Where do flash cache and DRAM cache fit into an automated tiering strategy?
Nadkarni: Think of it as tier 0. If you have two or three tiers in your automated tiering setup, then flash cache and DRAM cache is often considered to be tier 0, where you get the most amount of performance from that tier. And the next tier then could be [multilevel cell] MLC or [enterprise] eMLC, which has a certain level of endurance to it and also a certain level of density to it. Then you would have your SAS drives and then your nearline SAS drives, which would be the slower and more persistent tiers.
When you need the IOPS on demand, that's when this cache comes into play, and certain types of persistent reads then get pushed into this tier and then get serviced by that tier. So, when you need IOPS the most, it gets serviced from the tier 0. When you don't need it, it gets pushed into a cheaper dollar per GB.
Have you heard about any problems with automated storage tiering?
Nadkarni: I have heard about problems with automated storage tiering in the context of the tiering solution not working for the application in question or the tiering solution being more of a burden on the application. The best example I can give you is virtualized desktops. When you have [virtual desktop infrastructure] VDI and when people switch on their computers, there is a burst of I/O. In the case of automated tiering, that solution may not get enough time to move all the data into cache before it gets serviced.
Keep in mind that an automated tiering solution is not the Swiss Army knife. It is not going to solve 100% of the problems that customers see in their environments. It is meant to solve most of the problems, and from that side, I believe automated tiering solutions do work. They're sort of a general-purpose solution that can work in 80% to 90% of the environments that are traditionally wasting a lot of storage because of IOPS requirements. [Automated tiering also works for environments that] are putting too much emphasis on flash as a tier and not enough emphasis on the fact that in a particular data set, you might still have 20% to 30% of data that is active and the remaining 70% doesn't always have to occupy precious space on a flash tier.

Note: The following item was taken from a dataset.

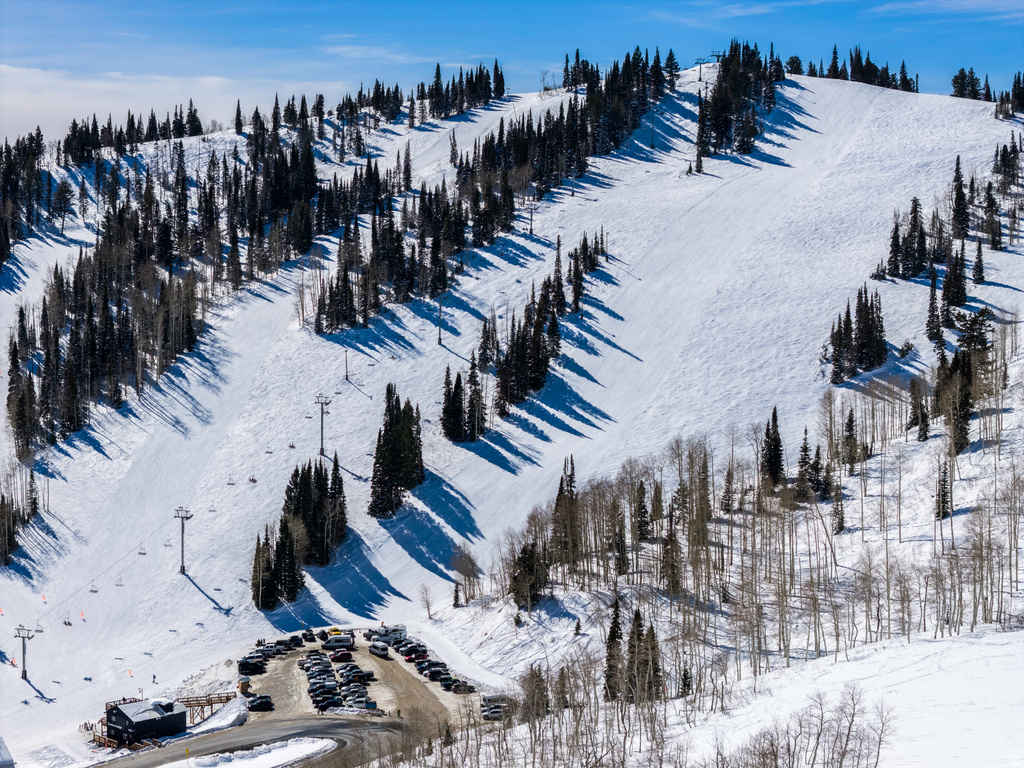 6746 E ASPEN DR Eden, UT 84310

What advice would you offer to organizations on the latest developments you've seen in tiered data storage?
Nadkarni: There is always the inertia or the resistance to change status quo, and organizations have good reasons to do that because they've probably been burned by first or second revisions of tiering software solutions. But my advice would be not to hold back and to embrace the new versions of these new generations of automated tiering solutions almost in the same way that they've embraced other trends in the market. Those solutions are here to stay. Think of it in the overall economics of storage.
The second piece of advice would be to think of the automated tiering solution or software as a part of the overall storage strategy. So [as] you would look at storage optimization technologies like thin provisioning and compression and deduplication, think of automated tiering almost in the same way. All of those things should be taken together when you're examining your storage strategy.
And then the third piece of advice is -- and this is more of a tactical, operational thing -- don't try to override the automated tiering solution. I've talked with a lot of customers who started off with automated tiering and somewhere along the way during the deployment phase they realized that, 'Oh well, we shouldn't let this database be serviced from a slower tier,' and [they] had the inclination to pin some of the data in the faster tier. And, in fact, pinning the data, which is almost like overriding the automated solution, causes more performance problems than just letting the system learn from the I/O pattern to figure out the best way to service those I/Os.